In the next sections, you’ll learn exactly how Shabs structures study time around a busy life, the mindset shifts that let her leap into full-time trading, and why risk management is more than “lot sizes.” You’ll also see how patience, communication, and adapting a strategy to your personality can unlock progress faster—plus her perspective on thriving in a male-dominated industry without changing who you are.
Shabs Fazl Playbook & Strategy: How She Actually Trades
Market Framework: Top-Down First
Before any execution, map the playing field so you’re reacting to context, not candles. A quick top-down read keeps you aligned with the dominant flow and stops you from forcing trades on noise.
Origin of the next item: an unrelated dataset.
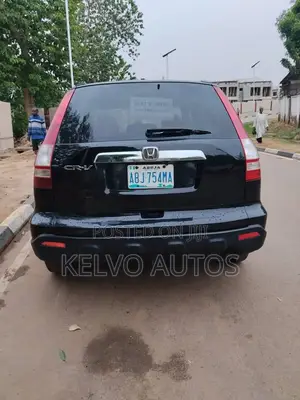 Honda CR-V 2010 Black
- Start on the daily: mark the last swing high/low, trend direction, and obvious supply/demand zones.
- Drop to H4/H1: draw session highs/lows and the prior day’s high/low; note where liquidity is likely resting.
- On M15/M5: only hunt in the higher-timeframe direction or inside clearly defined ranges.
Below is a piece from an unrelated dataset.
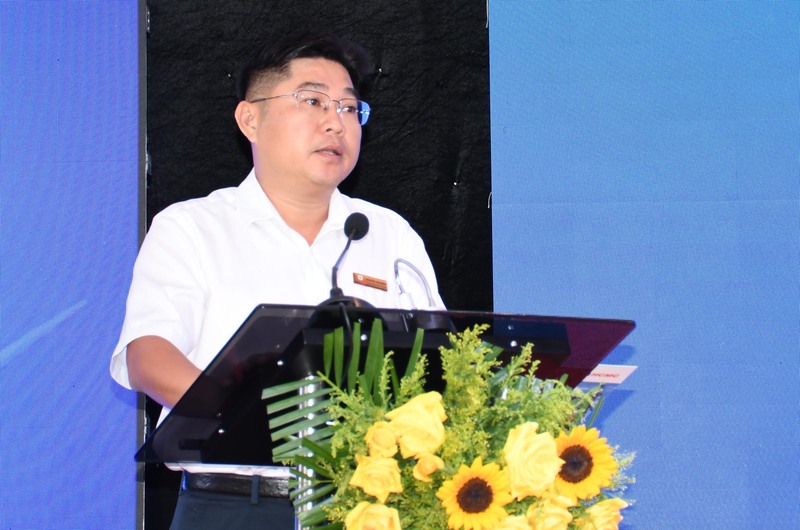 Ông Nguyễn Tấn Minh - Trưởng Ban Kinh doanh EVNHCMC. Ảnh: Minh Khuê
- If daily is unclear (chop), cap risk at half normal size and favor mean-reversion scalp rules only.
- No bias = no trade: if HTF context isn’t obvious within 90 seconds, stand down.
A+ Setup Criteria: Confluence Over Hopes
You want a repeatable pattern that tells you “now.” Confluence keeps you out of mediocre trades and focuses you on asymmetric moments.
- Require at least 3 of 5: (1) HTF level, (2) session high/low, (3) VWAP/AVWAP reaction, (4) structure break (BOS/CHOCH), (5) clear liquidity sweep.
- For trends: buy pullbacks into demand after a BOS with M15/M5 higher-low; sell rallies into supply after a BOS with lower-high.
- For ranges: fade extremes only after a stop-run into a marked zone, plus a reversal candle close.
- If spread > 20% of stop or news in <15 minutes, skip the setup.
- Screenshot every A+ setup before entry; if you can’t annotate the confluence in 30 seconds, pass.
Risk & Sizing: Survive First, Scale Second
Consistency isn’t magic; it’s math and discipline. Small, fixed risk keeps your head clear and lets the edge show up across samples.
- Fixed risk per trade: 0.25R–0.5R when not fully aligned; 1.0R only on top-tier confluence.
- Daily max loss: 1.5R; hit it and you’re done—close platform.
- Max open risk: 1.5R across all symbols; no stacking beyond that.
- Hard stop always placed; no widening. Reduce the size if the stop needs to be larger than your normal ATR allowance.
- If the first trade is a loss, the second trade must be equal to or smaller in size unless a higher-timeframe catalyst appears.
Entry Triggers: Let Price Prove It
You don’t predict; you verify. Make the market confirm intent before you deploy risk.
- For continuation: wait for a micro pullback to the decision candle 50%–61.8% and a one-minute close back with the trend.
- For reversals: demand/supply tap + sweep + engulfing close; enter on retest of the engulf origin.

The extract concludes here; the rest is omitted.